### Input

--------

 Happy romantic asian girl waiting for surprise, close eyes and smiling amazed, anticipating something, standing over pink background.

--------

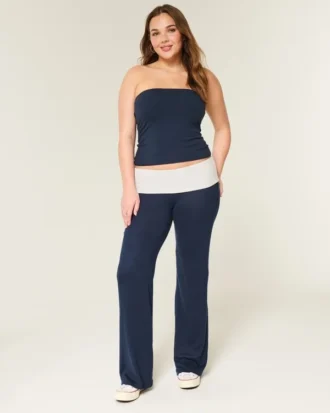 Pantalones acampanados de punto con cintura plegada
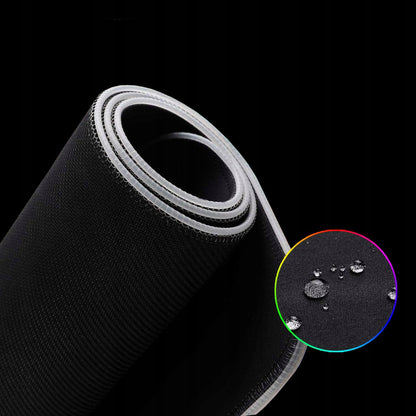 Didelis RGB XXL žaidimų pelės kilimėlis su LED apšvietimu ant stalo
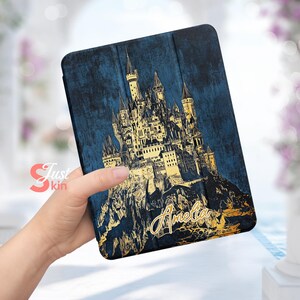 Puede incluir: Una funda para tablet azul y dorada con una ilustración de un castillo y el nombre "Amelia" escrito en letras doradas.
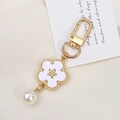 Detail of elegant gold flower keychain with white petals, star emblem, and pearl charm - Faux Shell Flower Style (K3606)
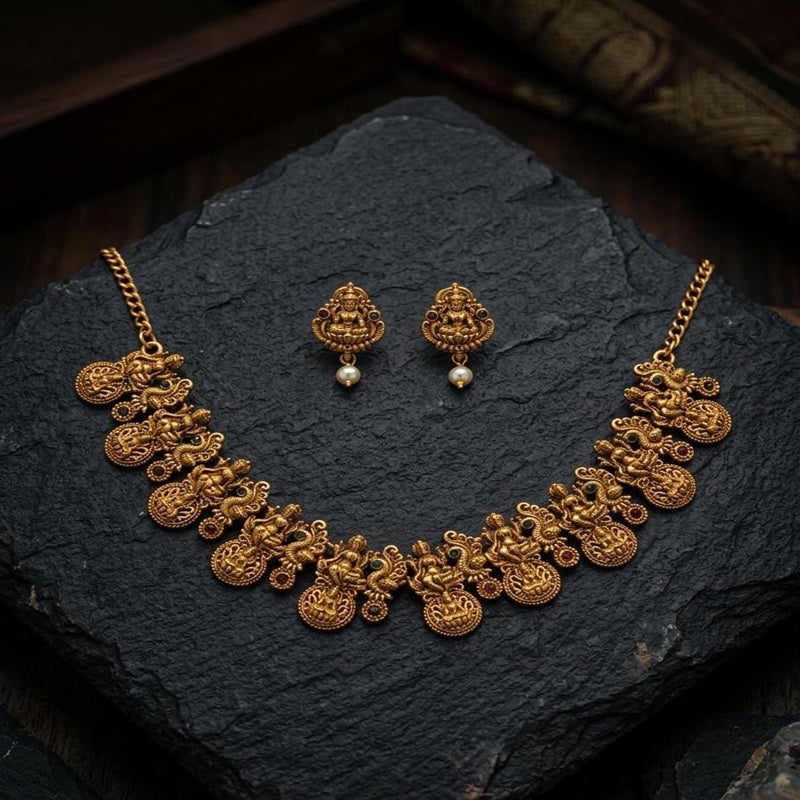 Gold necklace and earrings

--------

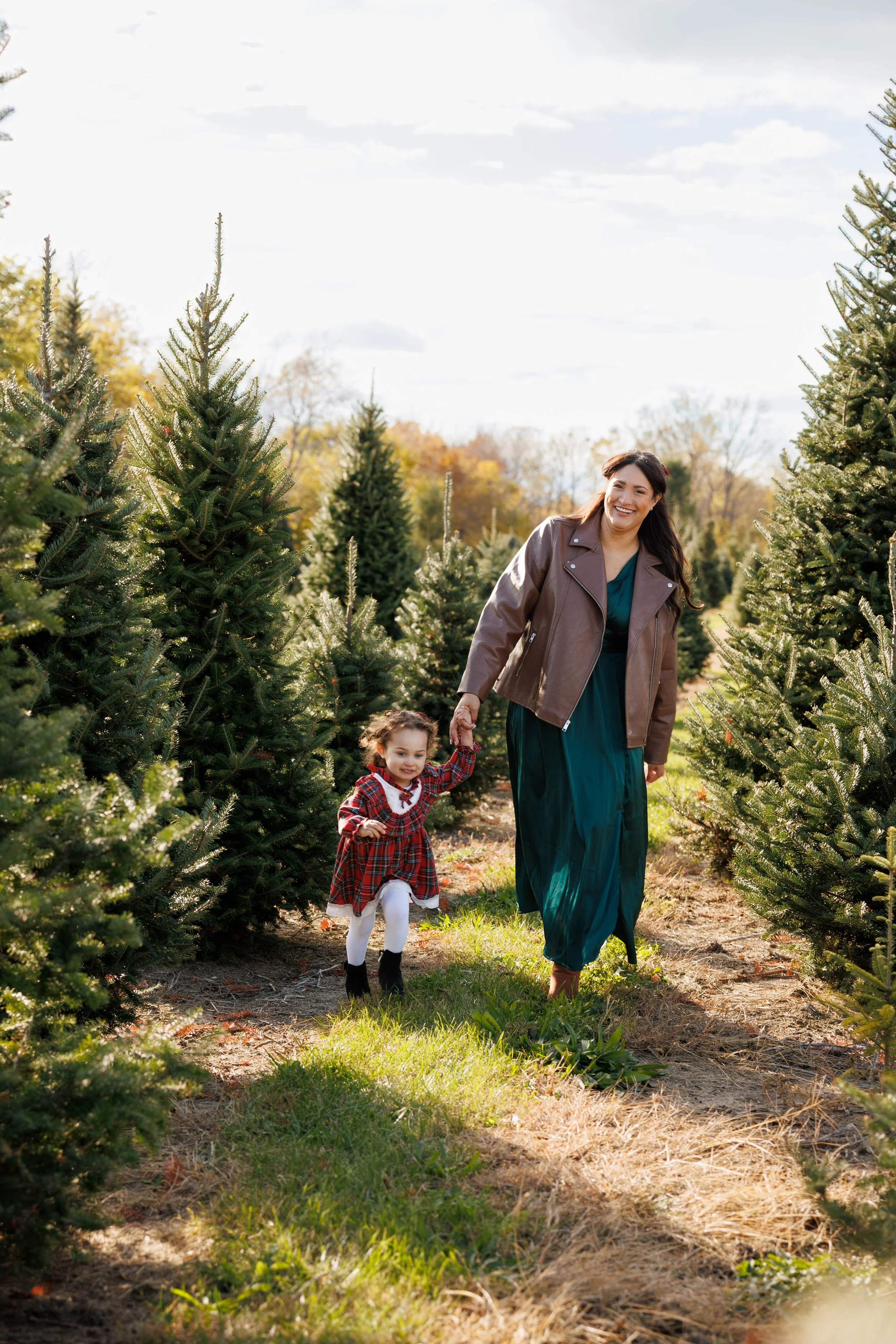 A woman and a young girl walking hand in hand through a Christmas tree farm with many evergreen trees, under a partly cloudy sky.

--------

### Problem requirements
For the entries above, print exactly the lines between the one with "Didelis RGB XXL" and the one with "Gold necklace and earrings", inclusive, with no pictures.

### Exercise answer
 Didelis RGB XXL žaidimų pelės kilimėlis su LED apšvietimu ant stalo
 Puede incluir: Una funda para tablet azul y dorada con una ilustración de un castillo y el nombre "Amelia" escrito en letras doradas.
 Detail of elegant gold flower keychain with white petals, star emblem, and pearl charm - Faux Shell Flower Style (K3606)
 Gold necklace and earrings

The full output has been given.